#### Input for this task ####

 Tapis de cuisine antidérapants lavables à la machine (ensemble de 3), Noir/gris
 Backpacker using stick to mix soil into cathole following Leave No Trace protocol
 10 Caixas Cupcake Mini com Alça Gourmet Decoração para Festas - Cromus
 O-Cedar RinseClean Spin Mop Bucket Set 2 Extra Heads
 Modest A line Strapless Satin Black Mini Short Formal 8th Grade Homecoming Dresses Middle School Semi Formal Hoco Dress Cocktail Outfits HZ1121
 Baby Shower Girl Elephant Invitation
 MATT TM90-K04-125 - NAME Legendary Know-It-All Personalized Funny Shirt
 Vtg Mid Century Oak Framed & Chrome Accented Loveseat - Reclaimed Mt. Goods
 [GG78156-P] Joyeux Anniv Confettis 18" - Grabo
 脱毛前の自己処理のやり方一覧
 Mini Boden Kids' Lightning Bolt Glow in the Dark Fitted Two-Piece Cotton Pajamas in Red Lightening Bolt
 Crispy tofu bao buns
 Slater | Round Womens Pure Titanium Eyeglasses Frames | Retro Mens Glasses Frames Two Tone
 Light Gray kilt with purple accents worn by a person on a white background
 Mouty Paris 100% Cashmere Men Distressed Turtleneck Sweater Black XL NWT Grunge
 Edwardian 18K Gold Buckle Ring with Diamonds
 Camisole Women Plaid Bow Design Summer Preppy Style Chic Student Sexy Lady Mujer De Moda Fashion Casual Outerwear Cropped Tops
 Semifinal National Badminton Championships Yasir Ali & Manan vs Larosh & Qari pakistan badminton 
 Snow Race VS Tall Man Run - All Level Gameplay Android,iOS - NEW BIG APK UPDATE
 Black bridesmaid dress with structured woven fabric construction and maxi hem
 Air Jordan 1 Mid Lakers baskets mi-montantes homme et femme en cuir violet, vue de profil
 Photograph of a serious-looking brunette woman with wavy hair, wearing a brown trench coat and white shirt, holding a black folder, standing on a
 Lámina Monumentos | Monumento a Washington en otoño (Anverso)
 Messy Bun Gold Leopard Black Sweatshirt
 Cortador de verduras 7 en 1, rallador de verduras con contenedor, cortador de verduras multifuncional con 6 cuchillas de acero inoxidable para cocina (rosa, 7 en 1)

####

Task instructions:
Say how many lines of the preceding data include the word "Gold". The number is the whole answer.

Written answer:
2